Top of Data extract

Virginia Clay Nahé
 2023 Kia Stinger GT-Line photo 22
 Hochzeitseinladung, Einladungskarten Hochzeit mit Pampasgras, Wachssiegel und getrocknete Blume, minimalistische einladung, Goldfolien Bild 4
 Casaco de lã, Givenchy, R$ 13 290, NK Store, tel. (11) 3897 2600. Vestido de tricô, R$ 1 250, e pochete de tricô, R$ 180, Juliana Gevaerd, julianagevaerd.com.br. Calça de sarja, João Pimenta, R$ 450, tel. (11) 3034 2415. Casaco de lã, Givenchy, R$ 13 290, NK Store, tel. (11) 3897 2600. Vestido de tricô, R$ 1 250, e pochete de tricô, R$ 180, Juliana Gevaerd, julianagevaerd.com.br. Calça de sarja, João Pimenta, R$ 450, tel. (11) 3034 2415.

Bottom of Data extract

Activity
Your job is to reproduce the data in full, with every line intact.

Exercise result
Virginia Clay Nahé
 2023 Kia Stinger GT-Line photo 22
 Hochzeitseinladung, Einladungskarten Hochzeit mit Pampasgras, Wachssiegel und getrocknete Blume, minimalistische einladung, Goldfolien Bild 4
 Casaco de lã, Givenchy, R$ 13 290, NK Store, tel. (11) 3897 2600. Vestido de tricô, R$ 1 250, e pochete de tricô, R$ 180, Juliana Gevaerd, julianagevaerd.com.br. Calça de sarja, João Pimenta, R$ 450, tel. (11) 3034 2415. Casaco de lã, Givenchy, R$ 13 290, NK Store, tel. (11) 3897 2600. Vestido de tricô, R$ 1 250, e pochete de tricô, R$ 180, Juliana Gevaerd, julianagevaerd.com.br. Calça de sarja, João Pimenta, R$ 450, tel. (11) 3034 2415.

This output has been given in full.